▸ **Work instruction**:
When the line containing "2021 Porsche Cayenne" is reached, copy it and each subsequent line of the material below exactly, through the last line.

▸ **Listed records**:
╔══

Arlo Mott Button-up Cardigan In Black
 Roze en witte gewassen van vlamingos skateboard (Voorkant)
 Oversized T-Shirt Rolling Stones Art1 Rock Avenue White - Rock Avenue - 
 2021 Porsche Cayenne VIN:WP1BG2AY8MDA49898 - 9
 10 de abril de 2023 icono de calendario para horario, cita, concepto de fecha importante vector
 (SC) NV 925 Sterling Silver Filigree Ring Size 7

╚══

▸ **Written answer**:
 2021 Porsche Cayenne VIN:WP1BG2AY8MDA49898 - 9
 10 de abril de 2023 icono de calendario para horario, cita, concepto de fecha importante vector
 (SC) NV 925 Sterling Silver Filigree Ring Size 7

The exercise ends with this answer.